The Environmental Photochemistry of Oxide Surfaces and the Nature of Frozen Salt Solutions: A New in Situ XPS Approach

Recent years have witnessed fast advancements in near ambient pressure X-ray photoelectron (NAPP) spectroscopy, which is emerging as a powerful tool for the investigation of surfaces in presence of vapors and liquids. In this paper we present a new chamber for the investigation of solid/vapor interfaces relevant to environmental and atmospheric chemistry that fits to the NAPP endstation at the Swiss Light Source. The new chamber allows for performing X-ray photoelectron spectroscopy (XPS) and electron yield near-edge X-ray absorption fine structure spectroscopy (NEXAFS) using soft, tender and hard X-ray in vacuum and in near-ambient pressures up to 20 mbar at environmentally relevant conditions of temperature and relative humidity. In addition, the flow tube design of the chamber enables the dosing of sticky reactive gases with short pressure equilibration time.
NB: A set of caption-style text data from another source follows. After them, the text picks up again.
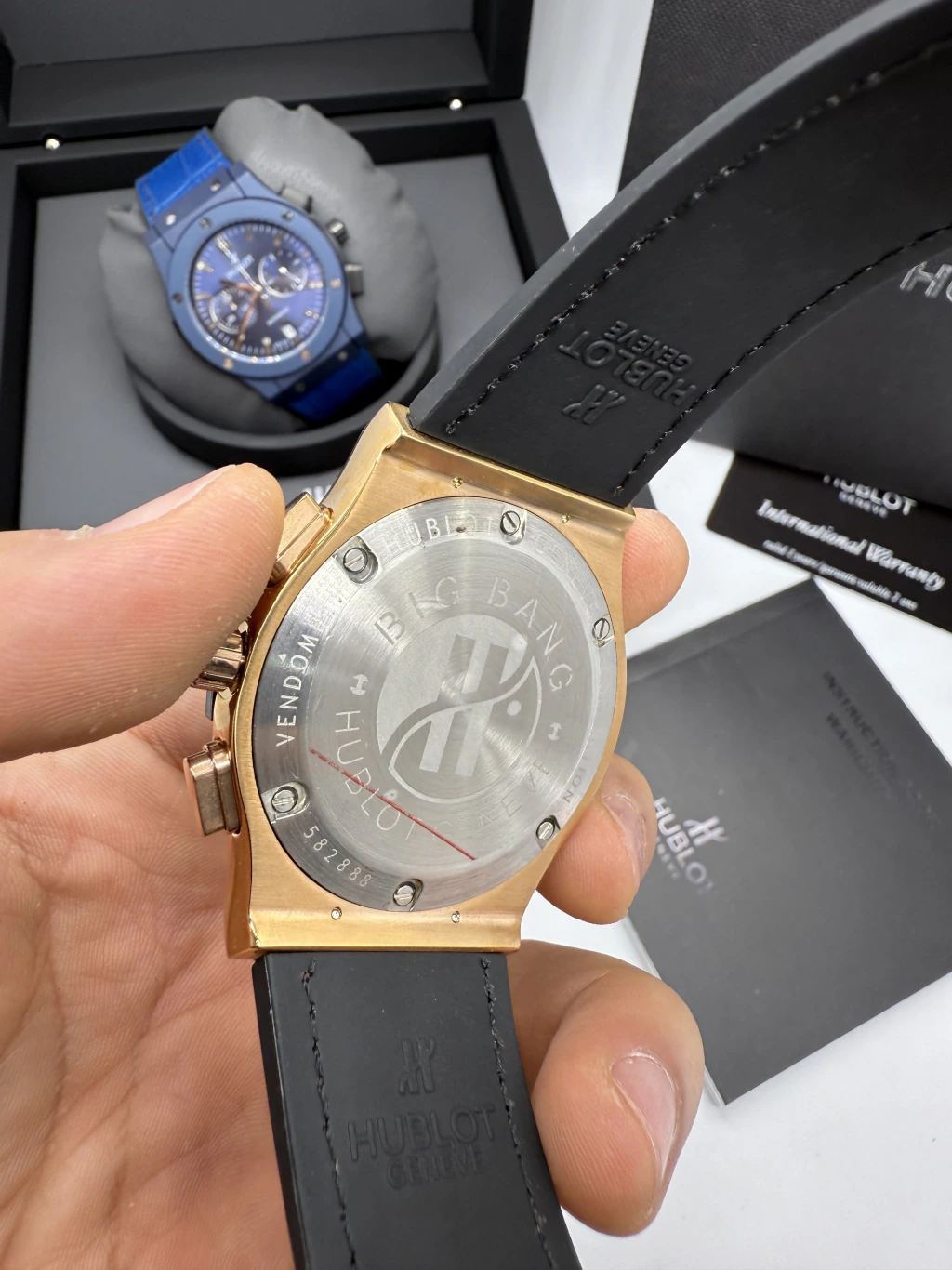 Hublot Classic Fusion 42mm - AÇO PRETO MOSTRADOR PRETO - SILICONE E COURO - Imagem 3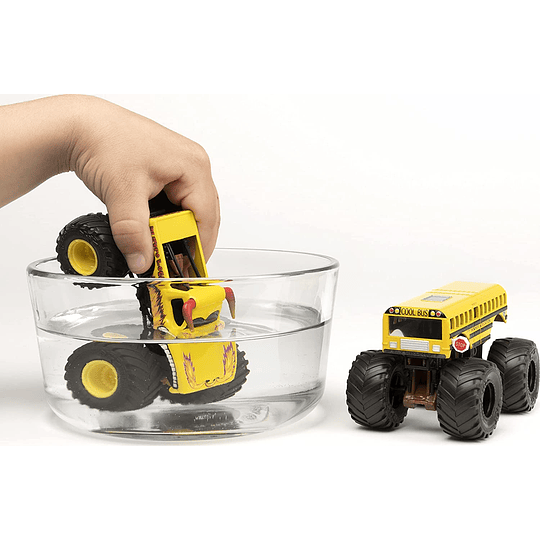 El Toro Loco Yellow vs Higher Education School Bus cambio de Color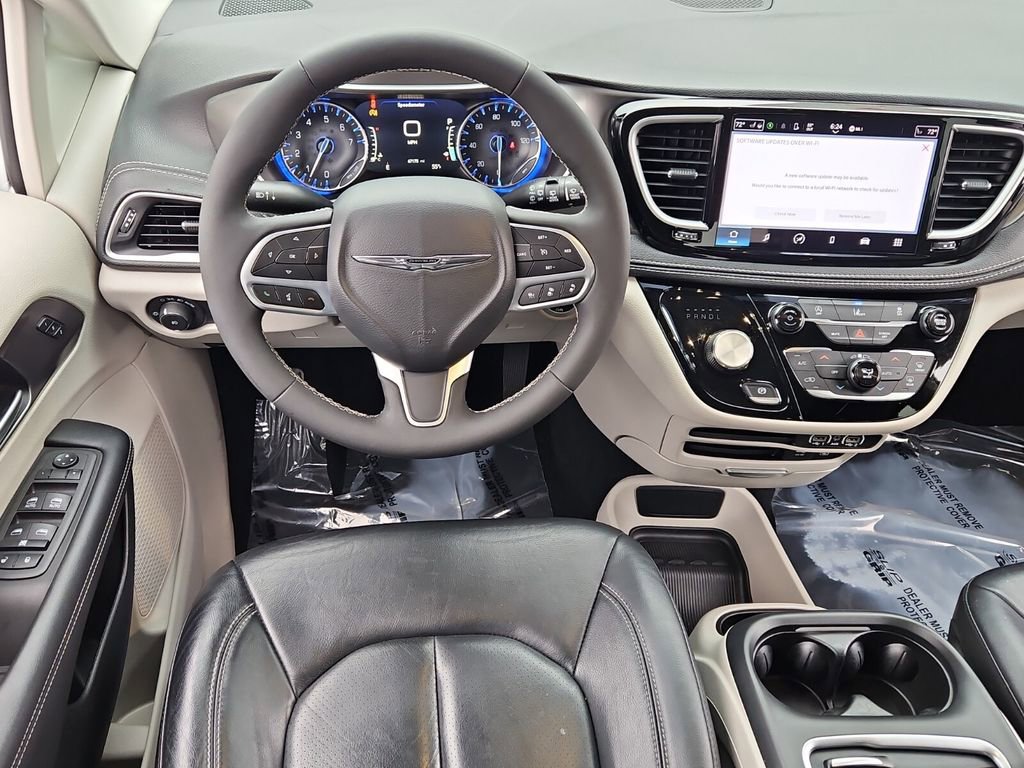 Used 2022 Chrysler Pacifica Touring-L image 15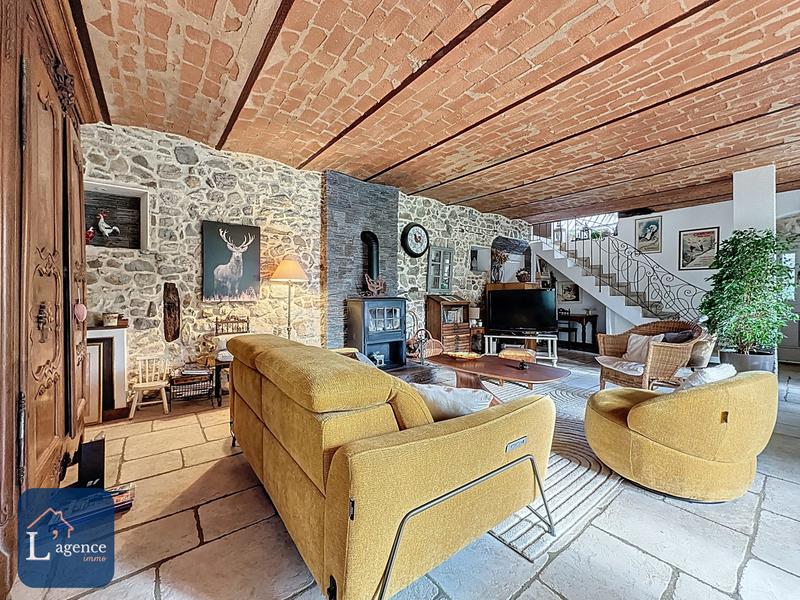 Maison ancienne - 240 m² - 9 pièces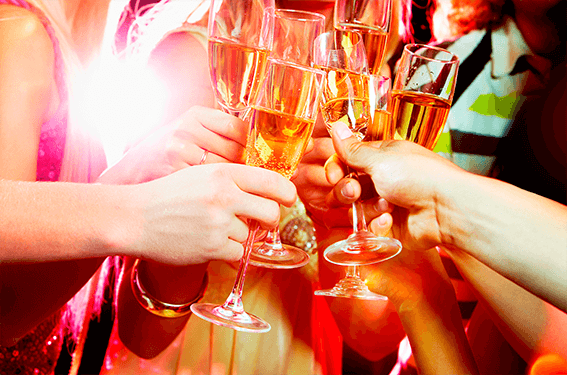 Brinde com taças de champagne em um evento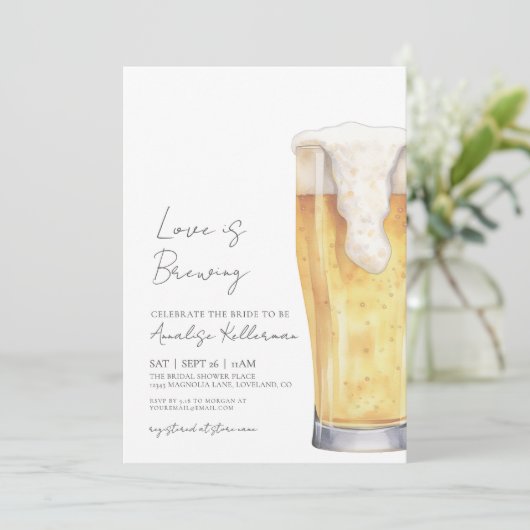 Liebe braut Bier-Brautparty Einladung (Stehend Vorderseite)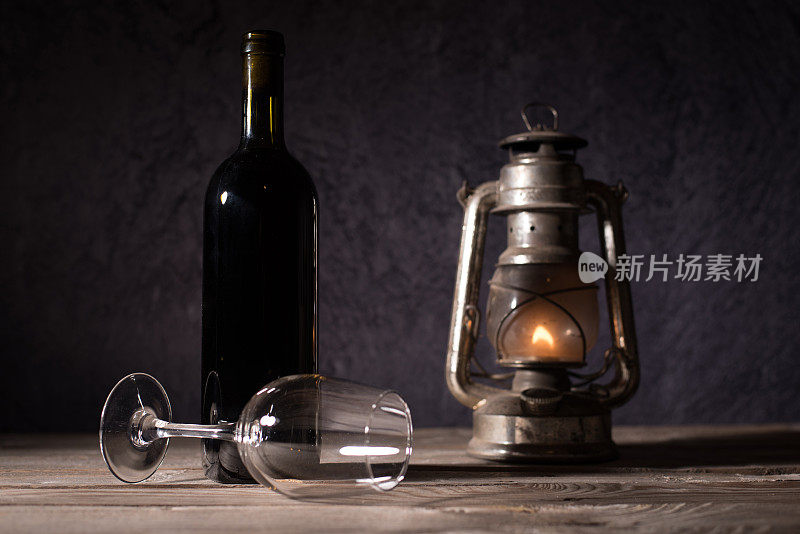酒瓶和玻璃的静物照片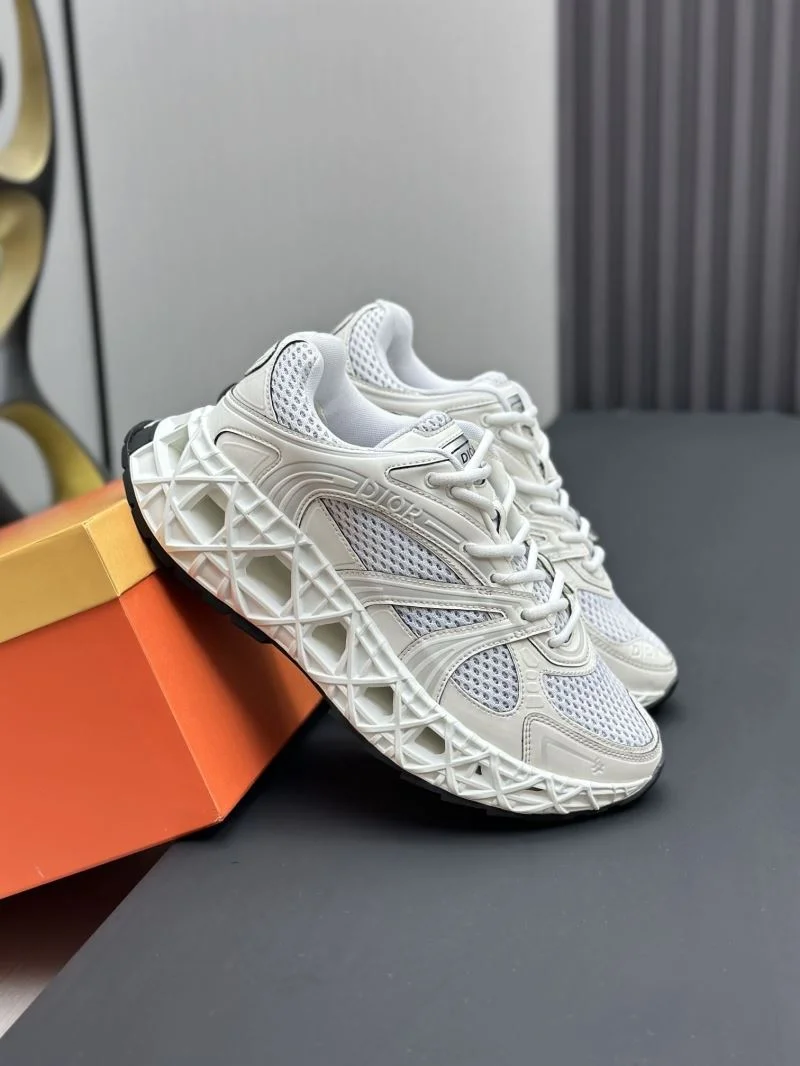 Bright Christian Dior Low Shoes 22550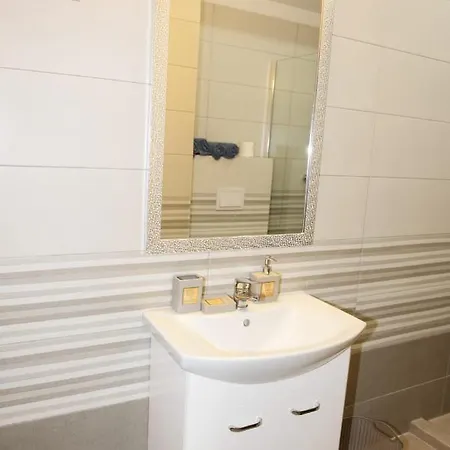 Apartament Elegance, Mamaia Nord דירה *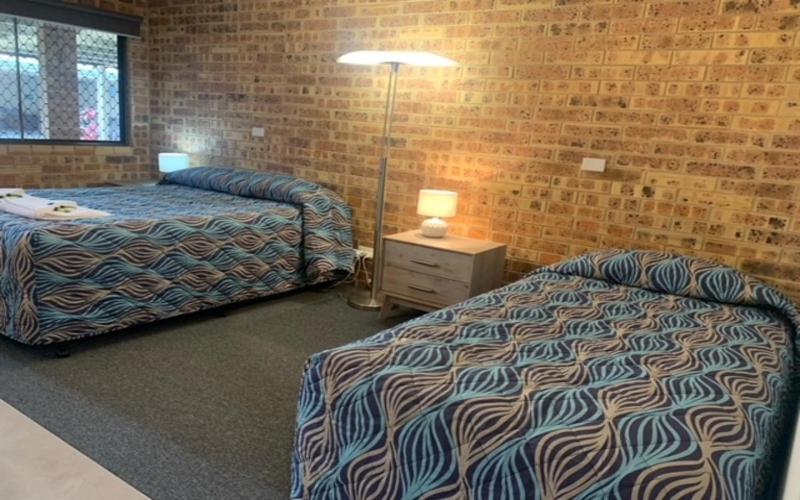 Семейный Номер, Golden Beach Motor Inn, Caloundra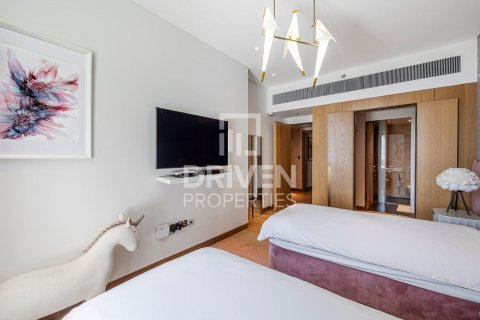 Apartmen di Jumeirah, Dubai, UAE 3 bilik tidur, 244.43 meter persegi № 781178 - foto 11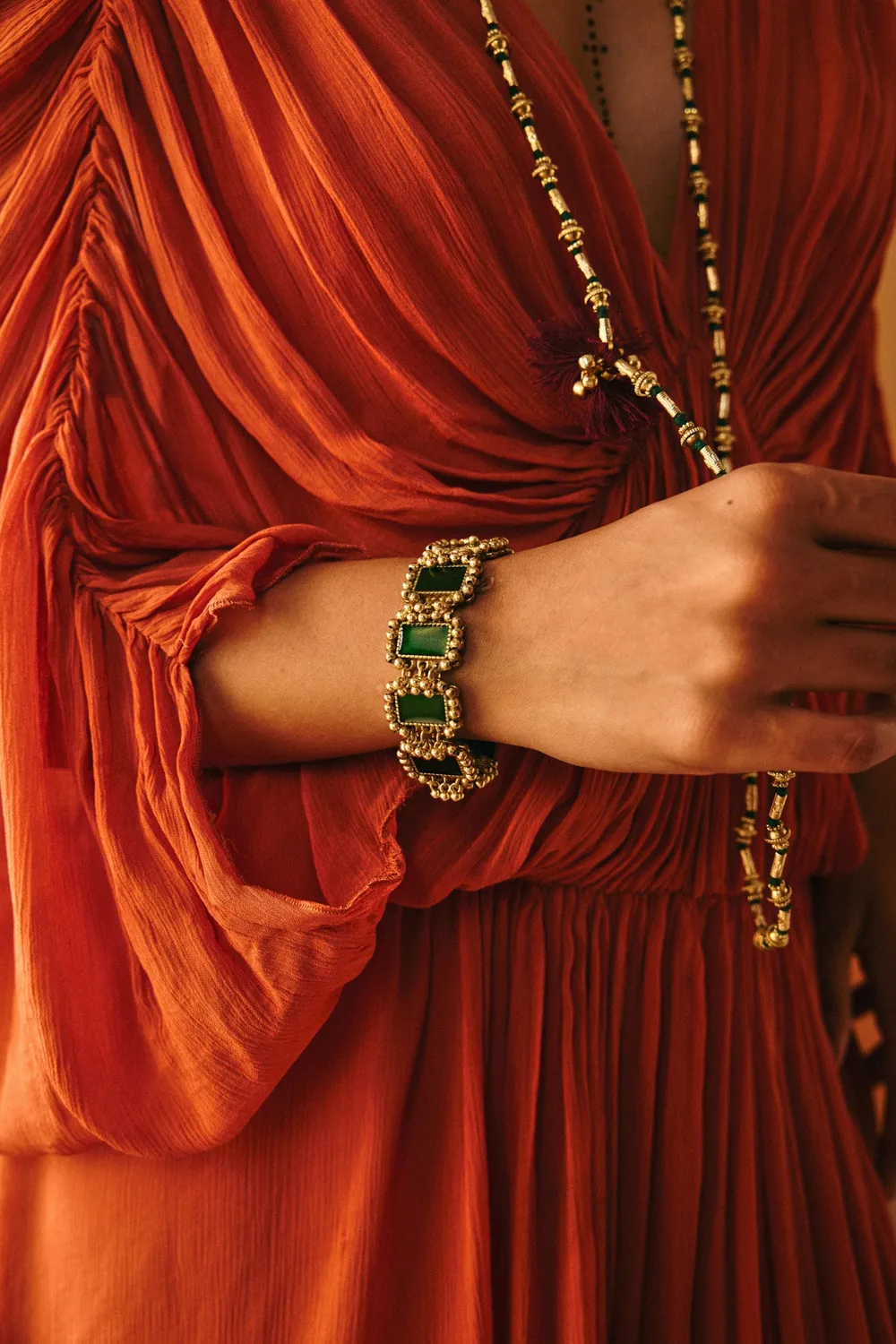 House of Tuhina Trajva Mandira Bracciale Bordeaux Tessuto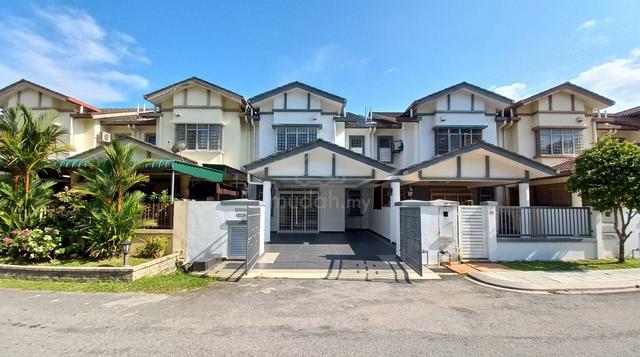 Facing Open Gated Guarded Double Sty Terrace Bandar Seri Putra Bangi 1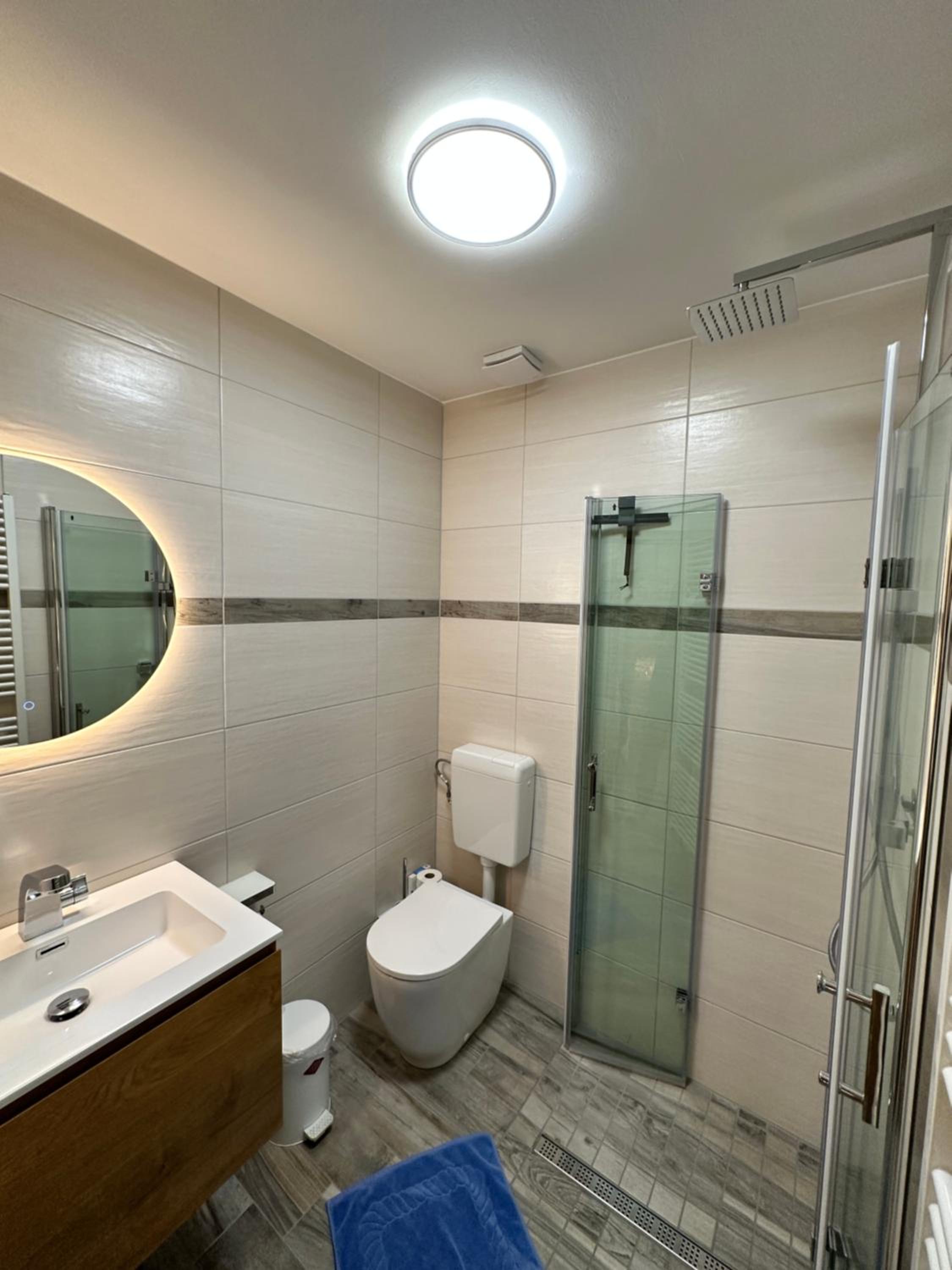 Standard Double Room - Photo 23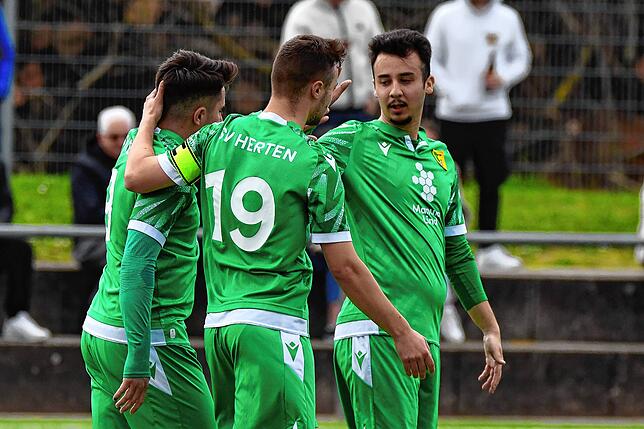 Bild 33: SV Herten setzt sich mit 4:1 gegen FC Schönau durch &ndash; und wir haben Bilder!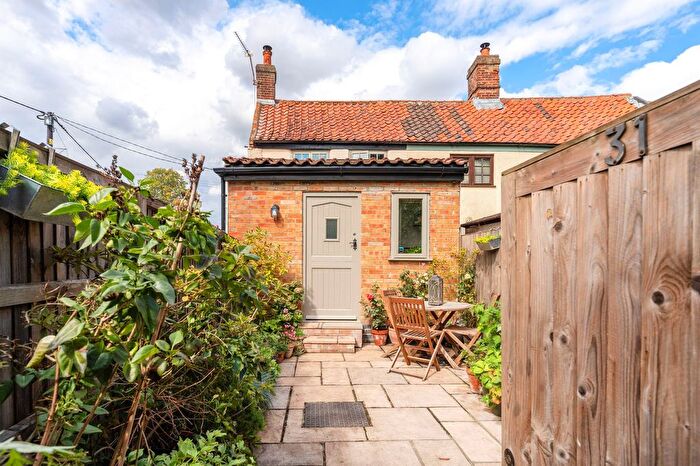 2 Bedroom End Terrace House For Sale In Back Street, Horsham St. Faith, NR10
The accessible photoelectron kinetic energy ranges from 2 to 7000 eV. This range allows the determination of surface and bulk electronic properties of ice and other environmental materials, such as metal oxides and frozen solutions, which are relevant to understanding atmospheric chemistry. The design of this instrument and first results on systems of great interest to the environmental and atmospheric chemistry community are presented. In particular, near-ambient pressure XPS and NEXAFS, coupled to a UV-laser setup, were used to study the adsorption of water on a TiO2 powder sample. The results are in line with previously proposed adsorption models of water on TiO2, and, furthermore, indicate that the concentration of water molecules tends to increase upon UV irradiation. In a second example we illustrate how NEXAFS spectroscopy measurements at the chlorine K-edge can provide new insight on the structures of eutectic and sub-eutectic frozen NaCl solutions at high and low relative humidity, respectively, indicating the formation of solution and solid NaCl phases, respectively. Finally, we demonstrate the assets of this new chamber for the dosing of sticky acidic gases and, in particular, for the investigation of formic acid uptake on ice surfaces.